(SUPPLIED DATA begins)
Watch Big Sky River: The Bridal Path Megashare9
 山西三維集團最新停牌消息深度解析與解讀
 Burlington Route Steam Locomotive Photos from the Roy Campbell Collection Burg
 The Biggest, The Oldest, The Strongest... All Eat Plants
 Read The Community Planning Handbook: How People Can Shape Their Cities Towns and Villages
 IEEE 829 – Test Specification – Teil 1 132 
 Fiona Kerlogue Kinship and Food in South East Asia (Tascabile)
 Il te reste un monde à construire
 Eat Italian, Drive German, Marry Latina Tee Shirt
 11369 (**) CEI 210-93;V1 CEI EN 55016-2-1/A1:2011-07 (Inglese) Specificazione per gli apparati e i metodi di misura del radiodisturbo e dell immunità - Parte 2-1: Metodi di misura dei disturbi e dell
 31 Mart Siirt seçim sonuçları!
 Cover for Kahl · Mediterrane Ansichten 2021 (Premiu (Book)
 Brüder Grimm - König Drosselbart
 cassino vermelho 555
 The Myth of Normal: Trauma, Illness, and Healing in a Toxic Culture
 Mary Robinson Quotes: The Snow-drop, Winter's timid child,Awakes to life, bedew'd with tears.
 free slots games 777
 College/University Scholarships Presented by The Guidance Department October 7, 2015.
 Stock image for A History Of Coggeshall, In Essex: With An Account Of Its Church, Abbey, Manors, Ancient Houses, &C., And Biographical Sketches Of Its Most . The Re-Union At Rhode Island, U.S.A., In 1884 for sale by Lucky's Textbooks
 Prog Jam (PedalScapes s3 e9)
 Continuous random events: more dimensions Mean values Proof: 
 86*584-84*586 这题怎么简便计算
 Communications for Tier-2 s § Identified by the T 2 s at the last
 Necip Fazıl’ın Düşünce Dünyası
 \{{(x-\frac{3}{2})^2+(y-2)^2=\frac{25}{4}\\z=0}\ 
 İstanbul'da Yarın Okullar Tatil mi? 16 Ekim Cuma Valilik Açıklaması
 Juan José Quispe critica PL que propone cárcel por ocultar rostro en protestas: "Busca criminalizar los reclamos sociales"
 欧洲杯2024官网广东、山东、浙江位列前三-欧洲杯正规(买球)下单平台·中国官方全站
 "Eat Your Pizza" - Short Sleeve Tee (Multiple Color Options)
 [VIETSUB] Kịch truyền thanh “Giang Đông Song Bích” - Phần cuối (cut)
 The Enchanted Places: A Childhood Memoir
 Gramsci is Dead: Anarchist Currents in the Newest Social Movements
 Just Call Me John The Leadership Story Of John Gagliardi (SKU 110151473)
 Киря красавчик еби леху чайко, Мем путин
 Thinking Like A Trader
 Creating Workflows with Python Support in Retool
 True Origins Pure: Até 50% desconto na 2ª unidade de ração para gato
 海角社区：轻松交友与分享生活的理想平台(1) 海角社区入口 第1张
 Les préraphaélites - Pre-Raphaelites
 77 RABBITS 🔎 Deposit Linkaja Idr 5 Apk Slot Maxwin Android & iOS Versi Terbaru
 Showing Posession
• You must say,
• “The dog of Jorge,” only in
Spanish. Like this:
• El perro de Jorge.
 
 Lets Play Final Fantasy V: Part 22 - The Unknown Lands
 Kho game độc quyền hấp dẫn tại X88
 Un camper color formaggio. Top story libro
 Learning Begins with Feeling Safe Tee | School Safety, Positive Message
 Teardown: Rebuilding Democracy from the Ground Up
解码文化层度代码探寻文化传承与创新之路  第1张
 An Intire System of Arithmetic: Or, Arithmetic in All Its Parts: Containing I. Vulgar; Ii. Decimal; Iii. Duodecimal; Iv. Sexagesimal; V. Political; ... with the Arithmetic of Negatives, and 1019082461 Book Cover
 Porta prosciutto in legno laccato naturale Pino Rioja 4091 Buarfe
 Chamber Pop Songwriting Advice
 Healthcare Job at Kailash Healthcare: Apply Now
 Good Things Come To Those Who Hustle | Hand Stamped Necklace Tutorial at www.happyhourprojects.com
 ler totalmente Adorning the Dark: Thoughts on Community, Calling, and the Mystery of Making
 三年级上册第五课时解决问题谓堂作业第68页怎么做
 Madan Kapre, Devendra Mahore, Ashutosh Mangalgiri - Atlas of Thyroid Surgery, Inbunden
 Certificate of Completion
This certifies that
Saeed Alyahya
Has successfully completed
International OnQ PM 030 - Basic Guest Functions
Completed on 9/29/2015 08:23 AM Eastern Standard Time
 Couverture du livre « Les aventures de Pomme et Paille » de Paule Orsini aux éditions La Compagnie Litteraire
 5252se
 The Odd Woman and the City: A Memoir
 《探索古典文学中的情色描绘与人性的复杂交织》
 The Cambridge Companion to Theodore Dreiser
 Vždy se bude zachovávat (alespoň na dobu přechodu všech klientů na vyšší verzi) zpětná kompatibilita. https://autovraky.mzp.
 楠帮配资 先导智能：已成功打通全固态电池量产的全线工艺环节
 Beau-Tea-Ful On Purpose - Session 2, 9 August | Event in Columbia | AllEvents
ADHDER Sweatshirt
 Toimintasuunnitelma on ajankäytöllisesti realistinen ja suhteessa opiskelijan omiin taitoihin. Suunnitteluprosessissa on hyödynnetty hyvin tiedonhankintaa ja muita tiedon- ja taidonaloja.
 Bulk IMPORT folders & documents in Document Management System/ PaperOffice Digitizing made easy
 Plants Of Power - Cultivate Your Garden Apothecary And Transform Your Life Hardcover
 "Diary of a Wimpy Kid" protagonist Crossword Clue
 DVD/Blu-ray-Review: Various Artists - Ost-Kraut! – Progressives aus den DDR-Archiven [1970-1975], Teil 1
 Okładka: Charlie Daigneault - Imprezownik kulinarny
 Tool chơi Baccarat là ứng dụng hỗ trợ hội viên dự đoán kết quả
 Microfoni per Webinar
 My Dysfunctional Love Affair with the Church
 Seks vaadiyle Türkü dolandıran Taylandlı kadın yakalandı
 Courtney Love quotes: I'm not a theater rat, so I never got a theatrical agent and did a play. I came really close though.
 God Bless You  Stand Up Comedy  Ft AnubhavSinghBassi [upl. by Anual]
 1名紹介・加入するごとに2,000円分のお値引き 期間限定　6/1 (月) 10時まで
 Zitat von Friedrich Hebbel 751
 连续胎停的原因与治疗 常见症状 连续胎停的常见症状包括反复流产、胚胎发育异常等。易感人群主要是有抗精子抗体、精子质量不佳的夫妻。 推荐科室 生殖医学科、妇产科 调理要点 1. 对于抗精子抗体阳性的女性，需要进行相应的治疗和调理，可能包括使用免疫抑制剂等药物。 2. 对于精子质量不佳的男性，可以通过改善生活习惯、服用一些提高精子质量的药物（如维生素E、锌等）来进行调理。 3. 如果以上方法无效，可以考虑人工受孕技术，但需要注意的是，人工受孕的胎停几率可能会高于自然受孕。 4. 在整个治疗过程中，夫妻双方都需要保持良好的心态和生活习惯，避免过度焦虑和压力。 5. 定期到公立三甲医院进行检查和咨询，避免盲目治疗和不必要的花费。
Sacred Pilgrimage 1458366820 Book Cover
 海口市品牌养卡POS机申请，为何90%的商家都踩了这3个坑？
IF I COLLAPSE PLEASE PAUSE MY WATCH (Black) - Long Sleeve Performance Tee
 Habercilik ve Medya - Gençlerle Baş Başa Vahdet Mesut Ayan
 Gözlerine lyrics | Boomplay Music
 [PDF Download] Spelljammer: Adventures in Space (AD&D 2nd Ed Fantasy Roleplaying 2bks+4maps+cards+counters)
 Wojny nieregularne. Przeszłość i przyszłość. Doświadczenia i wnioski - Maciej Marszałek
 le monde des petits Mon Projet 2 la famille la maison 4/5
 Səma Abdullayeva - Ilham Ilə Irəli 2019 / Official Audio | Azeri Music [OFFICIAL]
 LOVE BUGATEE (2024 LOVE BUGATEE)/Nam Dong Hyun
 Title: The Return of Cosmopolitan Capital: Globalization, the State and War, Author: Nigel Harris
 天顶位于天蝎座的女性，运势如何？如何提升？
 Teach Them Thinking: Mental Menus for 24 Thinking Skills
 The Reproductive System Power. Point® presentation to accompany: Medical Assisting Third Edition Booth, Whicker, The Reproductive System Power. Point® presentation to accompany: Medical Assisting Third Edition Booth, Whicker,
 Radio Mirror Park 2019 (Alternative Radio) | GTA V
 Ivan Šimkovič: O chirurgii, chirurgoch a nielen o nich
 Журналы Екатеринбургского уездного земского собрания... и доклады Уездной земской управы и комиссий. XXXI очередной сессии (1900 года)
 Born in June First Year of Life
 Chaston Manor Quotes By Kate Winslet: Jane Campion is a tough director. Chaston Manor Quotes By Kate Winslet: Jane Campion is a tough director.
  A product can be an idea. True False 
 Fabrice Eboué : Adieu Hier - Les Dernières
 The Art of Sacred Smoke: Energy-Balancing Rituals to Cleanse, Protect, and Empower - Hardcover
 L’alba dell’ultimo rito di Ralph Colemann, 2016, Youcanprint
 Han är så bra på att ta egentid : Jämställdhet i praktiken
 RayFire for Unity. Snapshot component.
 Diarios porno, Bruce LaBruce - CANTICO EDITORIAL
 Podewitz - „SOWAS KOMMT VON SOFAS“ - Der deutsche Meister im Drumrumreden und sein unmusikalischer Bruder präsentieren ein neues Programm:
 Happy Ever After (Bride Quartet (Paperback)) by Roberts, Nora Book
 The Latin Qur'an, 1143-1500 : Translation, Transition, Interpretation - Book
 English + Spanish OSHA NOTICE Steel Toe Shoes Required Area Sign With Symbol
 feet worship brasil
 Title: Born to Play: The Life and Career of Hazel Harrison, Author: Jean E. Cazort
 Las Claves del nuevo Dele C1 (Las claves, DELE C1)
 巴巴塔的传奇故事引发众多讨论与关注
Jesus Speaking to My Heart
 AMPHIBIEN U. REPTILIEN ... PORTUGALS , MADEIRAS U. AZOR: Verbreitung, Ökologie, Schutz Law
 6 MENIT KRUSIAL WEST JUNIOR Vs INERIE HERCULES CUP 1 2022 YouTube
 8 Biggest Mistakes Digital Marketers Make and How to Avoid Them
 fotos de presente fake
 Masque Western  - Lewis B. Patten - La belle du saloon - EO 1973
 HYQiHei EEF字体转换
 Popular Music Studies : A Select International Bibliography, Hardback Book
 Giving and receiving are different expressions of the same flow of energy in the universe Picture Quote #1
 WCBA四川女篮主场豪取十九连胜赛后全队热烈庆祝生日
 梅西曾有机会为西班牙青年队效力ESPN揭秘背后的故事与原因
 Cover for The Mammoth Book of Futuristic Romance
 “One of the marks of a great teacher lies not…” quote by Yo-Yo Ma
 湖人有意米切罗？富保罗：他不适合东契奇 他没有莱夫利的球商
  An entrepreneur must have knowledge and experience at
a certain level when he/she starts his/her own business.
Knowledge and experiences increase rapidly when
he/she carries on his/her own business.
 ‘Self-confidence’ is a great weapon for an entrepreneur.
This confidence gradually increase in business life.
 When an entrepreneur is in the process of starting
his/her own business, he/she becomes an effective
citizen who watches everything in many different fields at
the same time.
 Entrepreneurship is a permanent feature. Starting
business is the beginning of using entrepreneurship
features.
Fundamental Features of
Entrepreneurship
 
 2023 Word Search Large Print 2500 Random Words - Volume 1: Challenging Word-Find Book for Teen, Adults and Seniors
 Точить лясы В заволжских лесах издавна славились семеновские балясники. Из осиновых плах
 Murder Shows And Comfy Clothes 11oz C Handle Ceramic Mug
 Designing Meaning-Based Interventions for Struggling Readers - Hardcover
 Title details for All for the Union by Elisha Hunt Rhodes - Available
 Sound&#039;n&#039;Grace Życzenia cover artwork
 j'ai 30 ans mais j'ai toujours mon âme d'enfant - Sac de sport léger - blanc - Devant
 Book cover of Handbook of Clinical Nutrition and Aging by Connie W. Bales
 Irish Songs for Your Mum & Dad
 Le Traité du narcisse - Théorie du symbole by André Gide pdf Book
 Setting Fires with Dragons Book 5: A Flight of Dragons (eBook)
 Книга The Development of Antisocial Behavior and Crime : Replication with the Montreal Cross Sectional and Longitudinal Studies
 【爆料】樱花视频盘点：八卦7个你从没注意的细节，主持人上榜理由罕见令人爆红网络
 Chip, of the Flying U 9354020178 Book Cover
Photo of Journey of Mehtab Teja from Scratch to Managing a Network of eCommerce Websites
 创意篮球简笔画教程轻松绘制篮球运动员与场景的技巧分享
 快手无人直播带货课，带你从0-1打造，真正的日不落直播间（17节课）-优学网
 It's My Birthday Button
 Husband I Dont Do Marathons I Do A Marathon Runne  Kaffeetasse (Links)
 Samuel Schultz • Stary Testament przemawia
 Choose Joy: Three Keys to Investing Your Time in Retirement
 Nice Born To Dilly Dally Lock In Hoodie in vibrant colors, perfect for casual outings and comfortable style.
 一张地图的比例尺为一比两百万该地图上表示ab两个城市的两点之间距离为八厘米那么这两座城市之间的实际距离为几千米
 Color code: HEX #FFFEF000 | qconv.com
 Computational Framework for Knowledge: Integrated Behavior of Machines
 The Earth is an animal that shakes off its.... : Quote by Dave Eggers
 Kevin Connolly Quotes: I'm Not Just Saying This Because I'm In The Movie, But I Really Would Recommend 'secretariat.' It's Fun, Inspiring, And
(SUPPLIED DATA ends)
**WHAT TO DO:**
Return only the exact lines from the opening of the records through the line that contains "Eat Italian, Drive", both included.

**REPLY:**
Watch Big Sky River: The Bridal Path Megashare9
 山西三維集團最新停牌消息深度解析與解讀
 Burlington Route Steam Locomotive Photos from the Roy Campbell Collection Burg
 The Biggest, The Oldest, The Strongest... All Eat Plants
 Read The Community Planning Handbook: How People Can Shape Their Cities Towns and Villages
 IEEE 829 – Test Specification – Teil 1 132 
 Fiona Kerlogue Kinship and Food in South East Asia (Tascabile)
 Il te reste un monde à construire
 Eat Italian, Drive German, Marry Latina Tee Shirt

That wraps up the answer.